Nik Antropov has had moments in his NHL career where he's lived up to the promise of his huge body and soft hands. The Winnipeg Jets are hoping the 31-year-old has some magic left.
Antropov is expected to eat up minutes in the club's top six forwards and if he's healthy and working with the right people, there's potential for production.
A 20-goal scorer on three different occasions during his time in the NHL, Antropov has had consistency issues due to injury. But he's big, has elite ice vision and despite what some say, has a reputation for being engaged.
"The first time I was in Winnipeg was in 1999 in the world juniors and I remember it was minus-48. But this seems like a great community and it's good to be back in a market where people care about hockey," said Antropov, a 6-foot-6, 240-pound winger.
Antropov is busy getting used to the new surroundings and a fresh direction in his hockey career but for the most part is mind is elsewhere.
Antropov had nine friends die in Wednesday's horrific plane crash that wiped out the Lokomotiv team of the KHL and he considered former Winnipeg Jets forward Igor Korolev "like a brother."
"Igor was my good friend and this is very sad for me.
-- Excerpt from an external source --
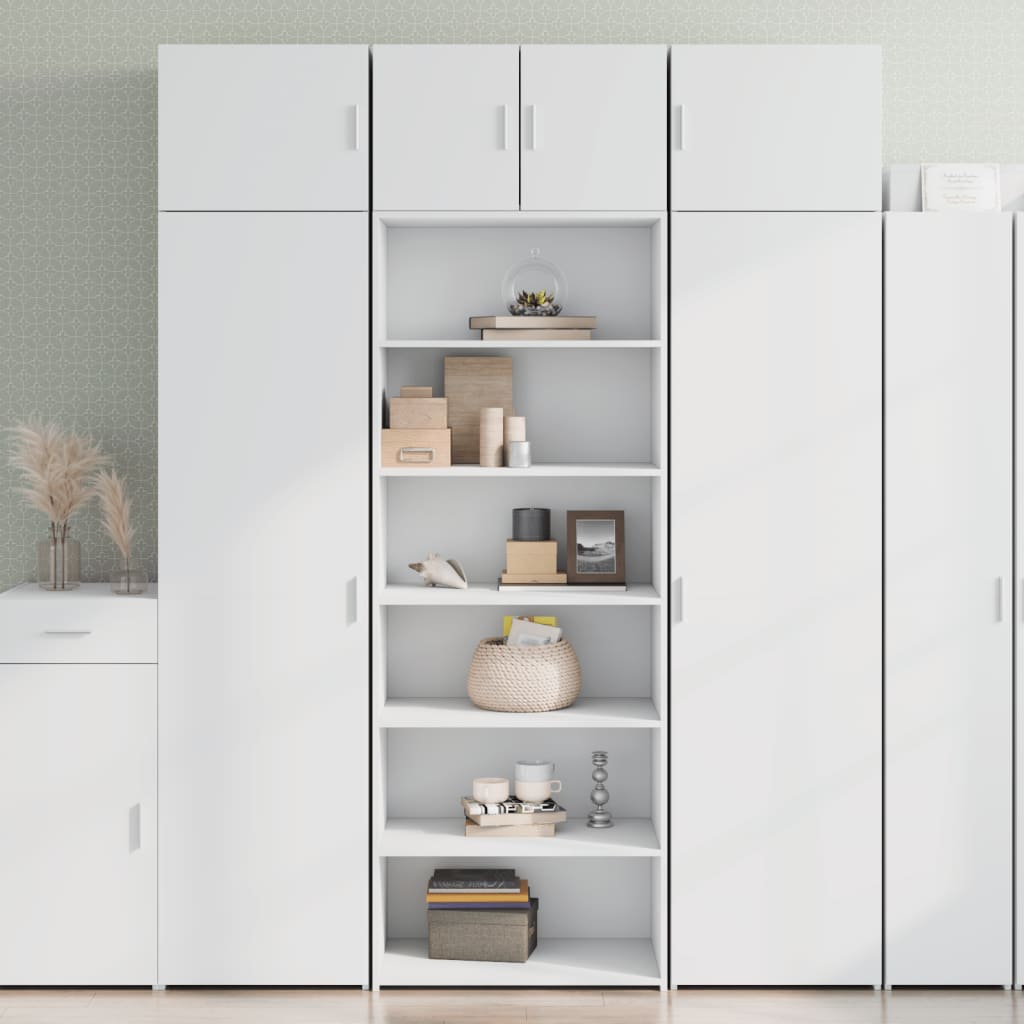 Skříň Highboard Bílá 70 X 41 X 185 Cm Kompozitní Dřevo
I knew Igor for 11 years since I first came to North America and he took me under his wing," said Antropov, who is entering his 12th NHL season. "He did a lot of good things for me."
Antropov has scored 172 goals and 240 assists in 679 career NHL games. He arrived in North America as a lanky kid out of Kazakhstan with lots of hockey ability but limited life skills.
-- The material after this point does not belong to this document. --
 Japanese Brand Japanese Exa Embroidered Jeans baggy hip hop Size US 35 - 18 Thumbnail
"It's a tough loss for us. He's the godfather of my son," said Antropov, selected 10th overall in the first round of the 1998 entry draft by the Toronto Maple Leafs.
"I couldn't speak English and didn't know where to go for something to eat. Igor showed me everything."
Antropov called Korolev's wife when he heard about the crash. "I didn't know what to say. I told her I hoped he wasn't one of them but then we found out it was."
Hockey is a refuge for Antropov right now. "Any time you lose one of your best friends or your family, it's hard to take, but you have to move forward from it. I will always remember what he did for me," he said.
"You could call him at any time and he was there for you. I think about this all the time. You come to the rink and hang out with the guys and no one talks about it, but then I get in the car to leave and it's there. It's hard right now."